26 juil. 2025


" Les enfants du capitaine Grant "  de Jules Verne 18/20

      En prenant de l'âge, certaines lectures de jeunesse me reviennent en mémoire ; et pourquoi ne pas en relire certaines dans le dessein de s'imprégner de cette adolescence, quelque peu égarée dans les limbes notre mémoire ? L'autre intérêt est d'en avoir une lecture plus mature, donc plus critique, mais avec toujours l'insoucience de nos premières années.

       Le 26 juillet 1864, dès la découverte de trois messages tronqués retrouvés dans une bouteille issue de l'estomac d'un requin-marteau, Lord Glenarvan et sa femme Lady Helena décident de secourir le capitaine Grant et deux de ses hommes, rescapés d'un naufrage et perdus depuis deux ans sur un rivage de l'hémisphère sud quelque part le long du 37° de latitude. Sans attendre, ils prennent la mer sur leur propre bateau : Le Duncan, un rapide yacht marchant à voile et à vapeur. A bord, le couple est accompagné des deux enfants du capitaine Grant, d'un cousin de Lord Glenarvan et d'un géographe français. Ensemble ils affronteront mille dangers, qu'ils soient dus à la nature elle-même ou aux autochtones.

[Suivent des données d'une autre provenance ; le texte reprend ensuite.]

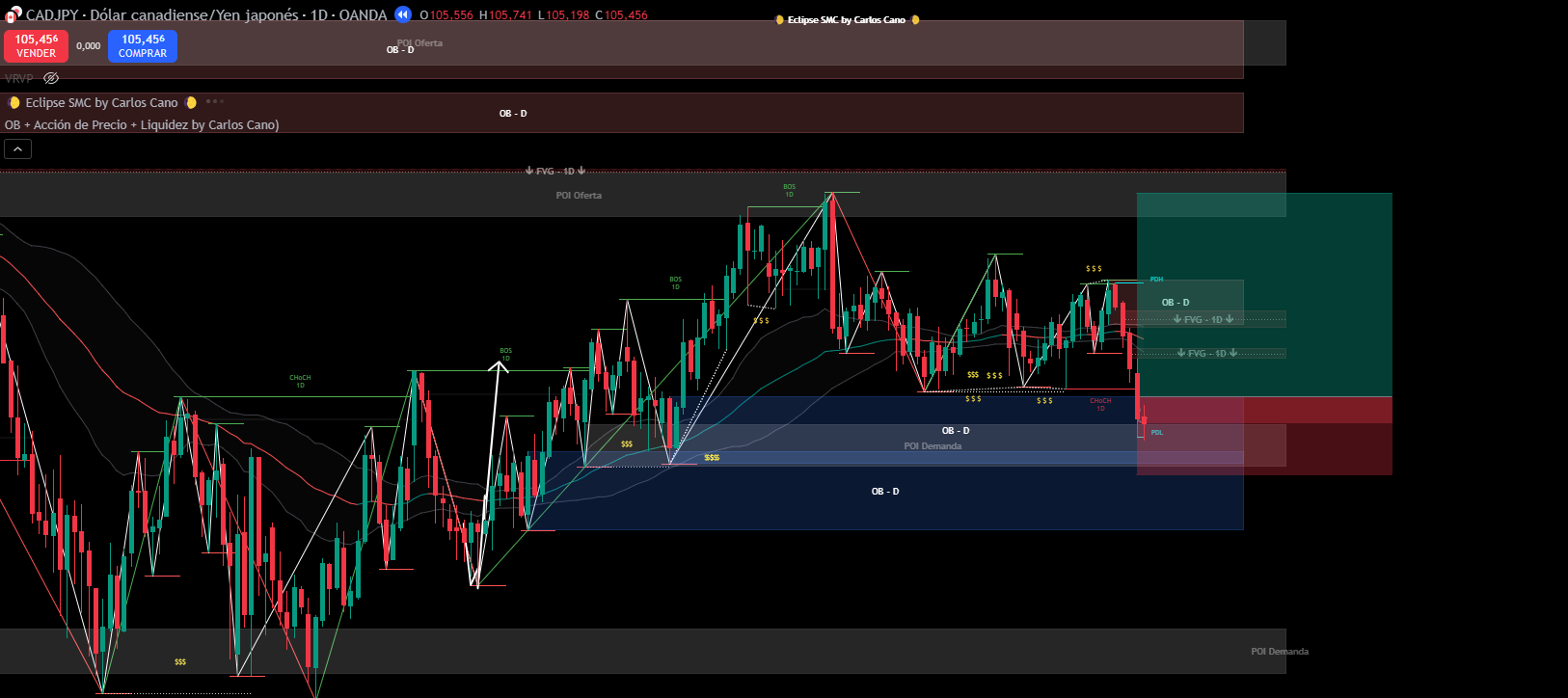 CADJPY
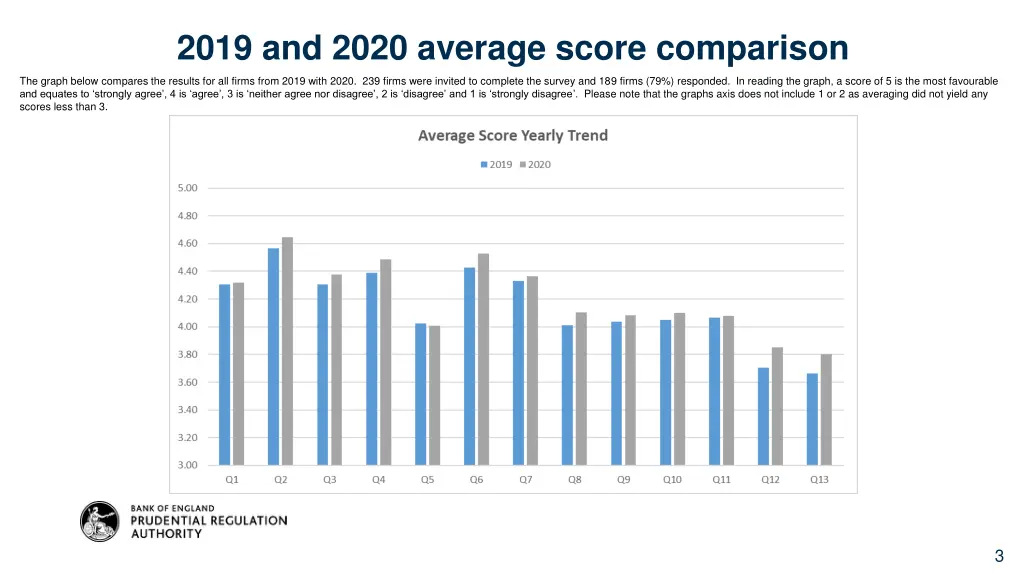 2019 and 2020 average score comparison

      Il s'agit du plus long roman écrit par Jules Verne, décliné en trois parties : la traversée de la Patagonie, puis du sud de l'Australie et de la Nouvelle-Zélande. La géographie tient pour une large part de l'aventure, en effet, pour l'époque, ce roman à des intentions pédagogiques incontestables destinées à la jeunesse de cette deuxième partie du XIXème siècle ; d'où le rôle du savant Paganel, un homme aussi érudit que distrait. D'ailleurs cette distraction apporte une note humoristique allègeant la montagne de connaissances intarissables de cet homme de science.

      Outre la géographie, moult thèmes viennent enrichir l'oeuvre, notamment la toute puissante Providence ; le ressenti suite à la disparition d'un parent ; la force inébranlable de la volonté ;  une grande foi dans la solidarité ; l'altérité avec la représentation et l'acceptation de l'autre, ici le sauvage ou du moins l'étranger ; la terrifiante anthropophagie des peuples Maoris et le parcours initiatique du jeune Robert Grant. 

      Malgré toute la richesse de ce roman il faut noter deux choses : Primo, l'invraisembabilité de l'histoire narrée, en effet, nos personnages auront à vaincre toutes les galères possibles et imaginables, rien ne leur sera épargné : un séisme dans la Cordillère des Andes, une avalanche de pierres, l'attaque d'un condor puis d'une horde de loups rouges affamés, des tornades de poussière, une inondation gigantesque dans la Pampa, une tempête colossale dans l'océan Indien, la confrontation avec une terrible bande de brigands, la condamnation à mort par une tribu cannibale, une éruption volcanique au Chili, et j'en oublie, bref, malgré tout cela, l'équipage du Duncan et tous nos protagonistes rentreront entiers !?! Et je ne parle pas des lois du hasard qui les favorisent constamment, surtout quand le pire semble inévitable. La volonté de Jules Verne est que chaque épisode soit un prétexte à enseigner la géologie, la faune, la flore, la culture des peuples des contrées traversées, et l'essentiel est d'apprendre tout en se distrayant, peu importante donc le manque de crédibilité du roman.

      Secondo, bien sûr il faut remettre le récit dans le contexte de l'époque, néanmoins, je me suis senti gêné par les comparaisons des aborigènes avec les singes ; et tous ces peuples autochtones que les colons veulent civiliser de gré ou de force. De surcroît, il y a les "bons sauvages", ceux qui aident nos voyageurs dans leur périple, et les "mauvais sauvages", ceux qui n'acceptent pas d'être envahis par des européens colonisateurs. Sans compter une allusion ambiguë à un requin appelé poisson-juif, référence aux relents antisémites. Et que dire des préférences d'un jaguar concernant la couleur de peau de ses victimes. Une fois encore, ce roman écrit en 1865/1866 donne l'état d'esprit d'une époque révolue qui ferait un scandale grandement justifié aujourd'hui. 

      En gardant tout cela en tête, il est très agréable de voyager en compagnie de telles personnages et de partager avec elles ce tour du monde improbable mais si extraordinaire.